[Extracted entries]
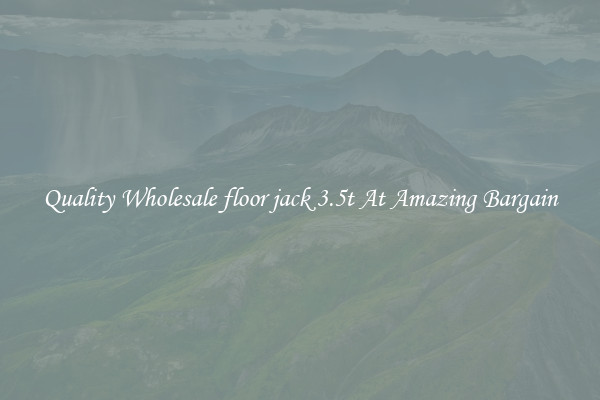Quality Wholesale floor jack 3.5t At Amazing Bargain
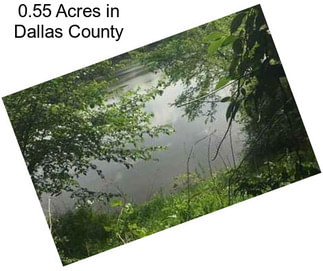 0.55 Acres in Dallas County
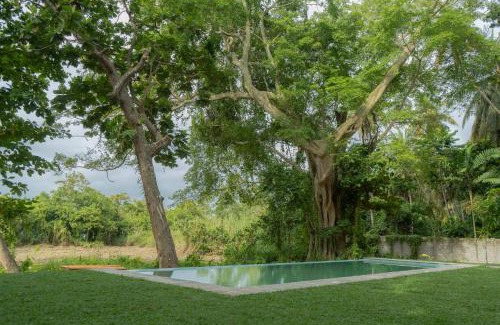 Hikkaduwa Cabin | The Smiling Leaf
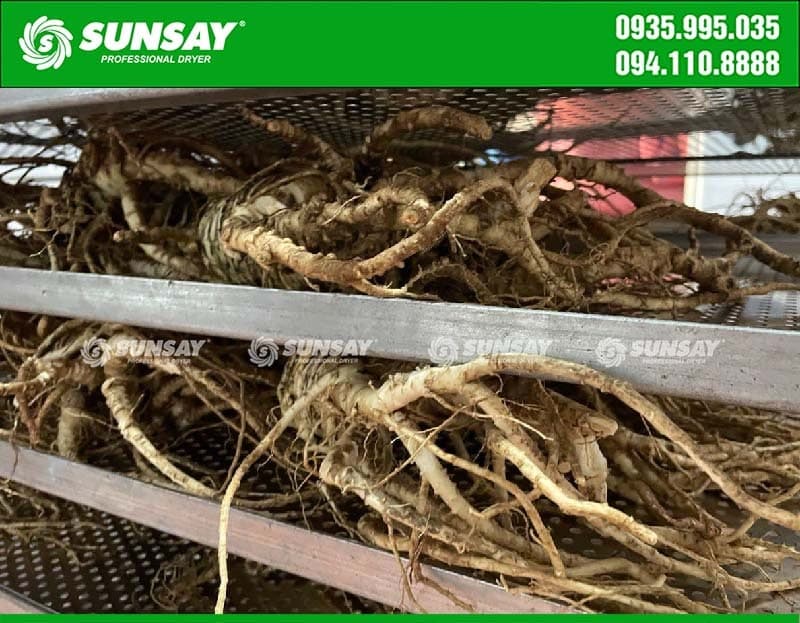 SUNSAY cung cấp máy sấy dược liệu chất lượng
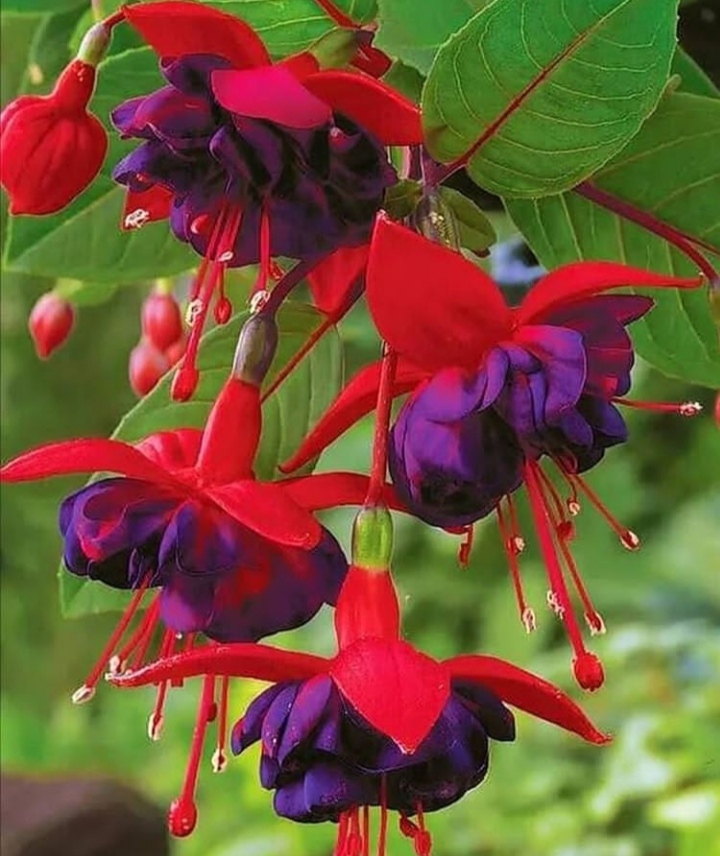 Fuchsia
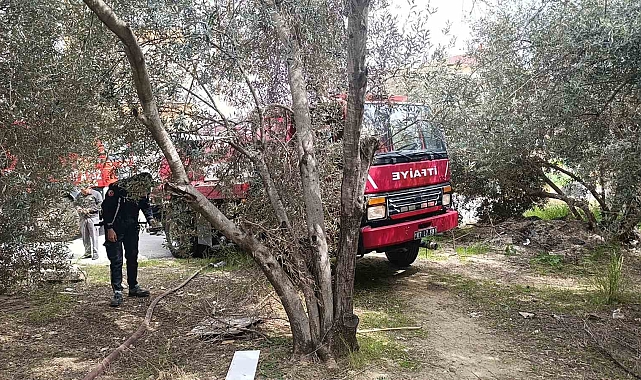 Manavgat&#039;ta Tavuk Kümesinde Yangın: Tavuklar Telef Olmaktan Kurtuldu
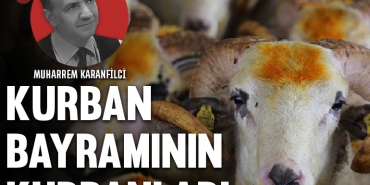 kurban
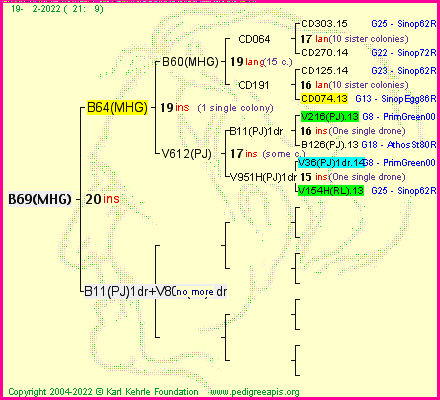 Pedigree of B69(MHG) :
four generations presented
it's temporarily unavailable, sorry!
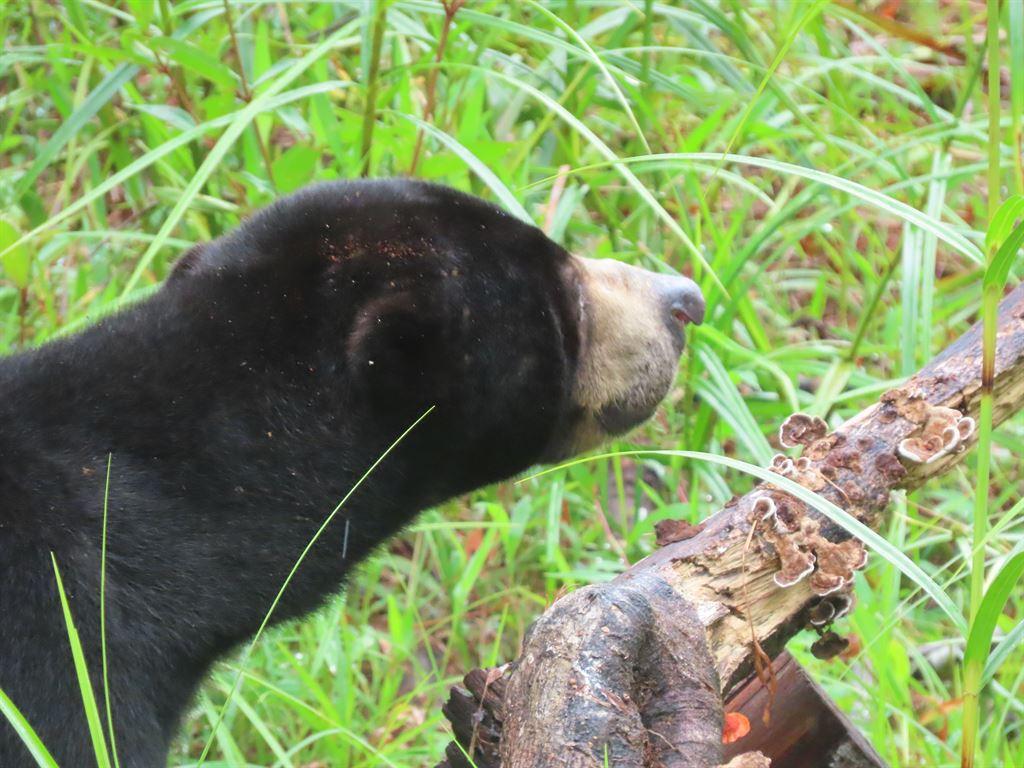 sbear1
[/Extracted entries]
### Exercise instructions:
Give back exactly the lines running from the one that contains "Pedigree of B69(MHG)" to the end of the records, including both of those lines and excluding every picture.

### Written reply:
 Pedigree of B69(MHG) :
four generations presented
it's temporarily unavailable, sorry!
 sbear1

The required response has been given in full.